Il y a des choses qui se remarquent. J'ai été beaucoup troublé par un fait qui révèle, sinon une entente, du moins une complicité extraordinaire : la marraine du magnifique bateau qui a été fabriqué pour CMA CGM, il y a quelques années, celle qui a cassé la bouteille de champagne, était Mme Hayot. Cela me choque de voir qu'un transporteur puissant dans les outre-mer a autant de proximité avec le groupe Hayot. Je ne sais pas combien celui-ci paie ses conteneurs : il a peut-être des accords. Je n'en sais rien, mais on peut le supposer, puisque ces acteurs s'entendent si bien que Mme Hayot, dont je n'ai pas le souvenir qu'elle ait des fonctions dans le groupe, joue ce rôle publiquement – des photos ont été publiées. Je m'interroge tout autant quand je vois mon ex-ministre passer autant de moments de convivialité avec MM. Hayot et Saadé. Y a-t-il une entente ? Je n'en sais rien, mais tout cela existe. C'est à eux qu'il faudrait poser la question.

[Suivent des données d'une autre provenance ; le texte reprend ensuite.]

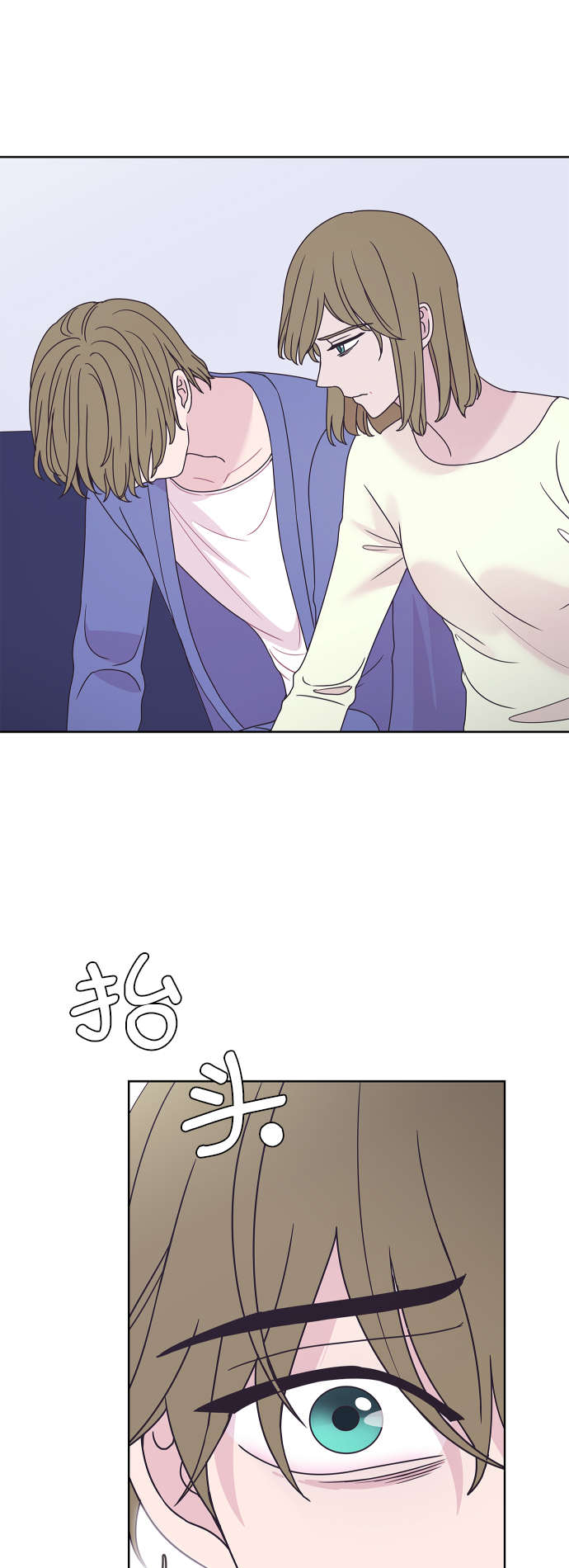 第58话16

Au moment où j'ai été viré, j'ai dit qu'il faudrait créer une commission pour mieux connaître les monopoles et oligopoles et établir la part économique de chacun des gros opérateurs. Je pense que la clef est là. Je crois que vous avez la capacité, en tant que députés, à descendre dans les comptes de ces très grandes entreprises et aller voir leurs marges. Sauf pour CMA CGM, qui est obligée de publier ses comptes, on ne sait rien ! Or le groupe Hayot doit compter 130 ou 140 filiales : il faut s'amuser à compiler… Nous l'avons fait à l'époque où je présidais R&DOM, en recoupant les administrateurs et en essayant de comprendre qui est qui. C'est très compliqué. Je pense que la représentation nationale aurait là un motif pour créer une deuxième commission d'enquête, chargée de déterminer qui sont les grands bénéficiaires de l'économie dans les territoires ultramarins et qui sont les amis dans les ministères qui les aident.

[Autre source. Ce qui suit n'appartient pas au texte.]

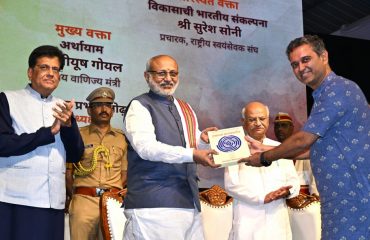 25.04.2025 : Governor aatends Diamond Jubilee programme of Articulation of Integral Humanism by Pandit Deen Dayal Upadhyaya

Je ne crois pas qu'il y ait de corruption, je le dis avec beaucoup de sincérité. Je crois qu'il s'agit simplement de copinage, et d'une doxa : il faut des champions, et il n'y a qu'eux qui savent ; sans eux, ce sera le bazar et comme on n'a pas très envie qu'il y ait une rupture dans l'approvisionnement en alimentation, des magasins fermés, des avions cloués au sol et je ne sais quoi d'autre, on ne prend pas de risque.

Tout le monde sait que le système est un peu bancal, mais on le garde, pour la simple raison que le pouvoir central ne fait pas confiance aux ultramarins. Être ultramarin, aujourd'hui, c'est susciter de la défiance. Cela aussi est inacceptable. Quand vous arrivez, vous êtes pris d'un peu haut. Dans mes amis ultramarins, il y a des docteurs, des comptables, des écrivains ou de grands chefs d'entreprise – mais ils sont d'abord ultramarins. Je ne vais pas plus loin car j'ai promis que je n'entrerais pas dans l'identitaire.